Using Multi-modal Models#

For MTLLM to have actual neurosymbolic powers, it needs to be able to handle multimodal inputs and outputs. This means that it should be able to understand text, images, and videos. In this section, we will discuss how MTLLM can handle multimodal inputs.

Images are directly supported in the default distribution of MTLLM. However, videos are not supported by default. To use videos, you need to install mtllm with the video extra. You can do this by running the following command:

pip install mtllm[video]

Image#

MTLLM can handle images as inputs. You can provide an image as input to the MTLLM Function or Method using the Image format of mtllm. Here is an example of how you can provide an image as input to the MTLLM Function or Method:

import from mtllm.llm { Model, Image }

glob llm = Model(model_name="gpt-4o");

'Personality of the Person'
enum Personality {
   INTROVERT = "Introvert",
   EXTROVERT = "Extrovert"
}

sem Personality.INTROVERT = 'Person who is shy and reticent';
sem Personality.EXTROVERT = 'Person who is outgoing and socially confident';



obj Person {
    has full_name: str,
        yod: int,
        personality: Personality;
}

def get_person_info(img: Image) -> Person by llm();

with entry {
    image = Image("photo.jpg");
    person_obj = get_person_info(image);
    print(person_obj);
}

Input Image (person.png):

Output

Person(full_name='Albert Einstein', yod=1955, personality=Personality.INTROVERT)

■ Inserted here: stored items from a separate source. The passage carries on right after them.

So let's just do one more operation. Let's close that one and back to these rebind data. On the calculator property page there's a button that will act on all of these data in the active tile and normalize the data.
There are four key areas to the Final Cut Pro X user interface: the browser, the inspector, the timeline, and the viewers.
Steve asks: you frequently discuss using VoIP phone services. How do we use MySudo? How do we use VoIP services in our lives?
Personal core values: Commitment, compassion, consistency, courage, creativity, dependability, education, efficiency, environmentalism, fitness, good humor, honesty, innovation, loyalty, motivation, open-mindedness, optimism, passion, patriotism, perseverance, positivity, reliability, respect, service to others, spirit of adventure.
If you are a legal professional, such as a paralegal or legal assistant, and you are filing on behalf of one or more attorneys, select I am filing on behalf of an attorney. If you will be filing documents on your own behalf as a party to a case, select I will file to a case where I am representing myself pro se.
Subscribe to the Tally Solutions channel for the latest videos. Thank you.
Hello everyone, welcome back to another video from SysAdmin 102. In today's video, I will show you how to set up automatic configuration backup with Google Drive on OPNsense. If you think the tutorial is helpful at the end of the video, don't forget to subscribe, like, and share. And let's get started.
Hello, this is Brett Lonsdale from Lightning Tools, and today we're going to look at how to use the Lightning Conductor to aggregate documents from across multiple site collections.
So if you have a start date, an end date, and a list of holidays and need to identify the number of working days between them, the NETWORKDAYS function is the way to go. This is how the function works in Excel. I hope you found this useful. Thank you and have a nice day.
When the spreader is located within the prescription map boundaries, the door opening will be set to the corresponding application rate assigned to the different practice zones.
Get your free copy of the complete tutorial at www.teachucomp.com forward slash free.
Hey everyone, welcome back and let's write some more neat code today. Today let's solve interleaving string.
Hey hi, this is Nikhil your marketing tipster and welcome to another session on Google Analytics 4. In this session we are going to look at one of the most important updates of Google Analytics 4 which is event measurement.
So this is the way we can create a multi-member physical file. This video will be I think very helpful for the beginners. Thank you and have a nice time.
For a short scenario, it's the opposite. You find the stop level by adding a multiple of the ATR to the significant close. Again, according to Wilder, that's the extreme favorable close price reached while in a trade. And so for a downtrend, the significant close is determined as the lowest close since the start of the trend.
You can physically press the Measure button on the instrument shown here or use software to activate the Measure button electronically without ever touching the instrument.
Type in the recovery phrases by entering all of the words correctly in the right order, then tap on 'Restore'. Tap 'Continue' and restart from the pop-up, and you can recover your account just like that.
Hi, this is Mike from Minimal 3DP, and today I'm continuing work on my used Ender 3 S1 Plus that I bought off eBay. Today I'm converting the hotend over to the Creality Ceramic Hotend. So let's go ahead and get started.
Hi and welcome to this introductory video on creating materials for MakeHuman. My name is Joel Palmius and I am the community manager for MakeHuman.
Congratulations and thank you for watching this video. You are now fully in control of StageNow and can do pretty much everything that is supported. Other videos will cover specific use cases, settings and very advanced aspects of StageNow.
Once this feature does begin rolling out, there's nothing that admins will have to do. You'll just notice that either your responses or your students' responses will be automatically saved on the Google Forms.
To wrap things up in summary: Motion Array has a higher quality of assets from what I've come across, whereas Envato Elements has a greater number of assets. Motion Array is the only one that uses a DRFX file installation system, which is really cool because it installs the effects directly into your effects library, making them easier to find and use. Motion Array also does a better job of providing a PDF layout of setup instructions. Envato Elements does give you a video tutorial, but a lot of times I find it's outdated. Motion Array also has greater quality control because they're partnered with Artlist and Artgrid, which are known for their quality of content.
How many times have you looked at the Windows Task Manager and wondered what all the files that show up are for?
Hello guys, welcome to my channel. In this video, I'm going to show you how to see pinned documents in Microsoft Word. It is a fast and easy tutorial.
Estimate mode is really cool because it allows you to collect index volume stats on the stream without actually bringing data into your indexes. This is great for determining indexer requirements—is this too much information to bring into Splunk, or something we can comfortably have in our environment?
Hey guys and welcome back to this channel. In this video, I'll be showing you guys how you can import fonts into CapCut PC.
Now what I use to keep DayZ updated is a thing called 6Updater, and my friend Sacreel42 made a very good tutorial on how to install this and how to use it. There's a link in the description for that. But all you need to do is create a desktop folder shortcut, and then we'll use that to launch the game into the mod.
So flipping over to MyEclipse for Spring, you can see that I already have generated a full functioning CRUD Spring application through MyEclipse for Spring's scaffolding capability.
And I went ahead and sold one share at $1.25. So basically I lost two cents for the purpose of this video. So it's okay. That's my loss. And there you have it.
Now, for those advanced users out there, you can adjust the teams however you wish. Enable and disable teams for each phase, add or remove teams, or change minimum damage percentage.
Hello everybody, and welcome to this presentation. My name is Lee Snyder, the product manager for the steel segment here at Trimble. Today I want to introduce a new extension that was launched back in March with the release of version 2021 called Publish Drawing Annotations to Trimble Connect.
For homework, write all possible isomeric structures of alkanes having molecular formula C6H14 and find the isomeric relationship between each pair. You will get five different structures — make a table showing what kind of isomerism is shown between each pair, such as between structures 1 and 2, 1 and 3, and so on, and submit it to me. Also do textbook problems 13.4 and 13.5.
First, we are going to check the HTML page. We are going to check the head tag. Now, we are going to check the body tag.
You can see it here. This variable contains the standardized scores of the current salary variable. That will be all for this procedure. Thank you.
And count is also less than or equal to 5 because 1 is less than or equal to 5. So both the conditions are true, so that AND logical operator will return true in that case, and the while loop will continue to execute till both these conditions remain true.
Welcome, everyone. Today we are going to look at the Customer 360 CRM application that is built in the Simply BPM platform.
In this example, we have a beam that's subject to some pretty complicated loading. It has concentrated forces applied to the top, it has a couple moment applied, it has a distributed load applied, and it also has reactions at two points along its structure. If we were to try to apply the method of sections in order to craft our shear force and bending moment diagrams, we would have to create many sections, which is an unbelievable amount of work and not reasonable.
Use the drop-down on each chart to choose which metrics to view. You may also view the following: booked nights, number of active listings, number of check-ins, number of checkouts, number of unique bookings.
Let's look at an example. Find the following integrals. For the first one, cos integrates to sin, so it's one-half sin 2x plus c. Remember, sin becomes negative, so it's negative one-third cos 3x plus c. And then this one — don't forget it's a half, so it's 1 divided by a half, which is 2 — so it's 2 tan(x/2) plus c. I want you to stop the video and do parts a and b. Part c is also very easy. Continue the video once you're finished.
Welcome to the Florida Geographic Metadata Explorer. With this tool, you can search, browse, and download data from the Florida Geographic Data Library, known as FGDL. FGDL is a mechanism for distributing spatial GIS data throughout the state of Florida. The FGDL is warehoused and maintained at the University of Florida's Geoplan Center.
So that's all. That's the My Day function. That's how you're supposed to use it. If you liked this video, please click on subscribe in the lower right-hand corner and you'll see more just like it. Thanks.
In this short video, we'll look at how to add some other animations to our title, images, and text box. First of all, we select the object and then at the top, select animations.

In the above example, we have provided an image of a person ("Albert Einstein") as input to the get_person_info method. The method returns the information of the person in the image. The output of the method is a Person object with the name, year of death, and personality of the person in the image.

Video#

Similarly, MTLLM can handle videos as inputs. You can provide a video as input to the MTLLM Function or Method using the Video format of mtllm. Here is an example of how you can provide a video as input to the MTLLM Function or Method:

import from mtllm { Model, Video }

glob llm = Model(model_name="gpt-4o");

def explain_the_video(video: Video) -> str by llm();

with entry {
    video_file_path = "SampleVideo_1280x720_2mb.mp4";
    target_fps = 1
    video = Video(path=video_file_path, fps=target_fps);
    print(explain_the_video(video));
}

Input Video: SampleVideo_1280x720_2mb.mp4

Output

The video features a large rabbit emerging from a burrow in a lush, green environment. The rabbit stretches and yawns, seemingly enjoying the morning. The scene is set in a vibrant, natural setting with bright skies and trees, creating a peaceful and cheerful atmosphere.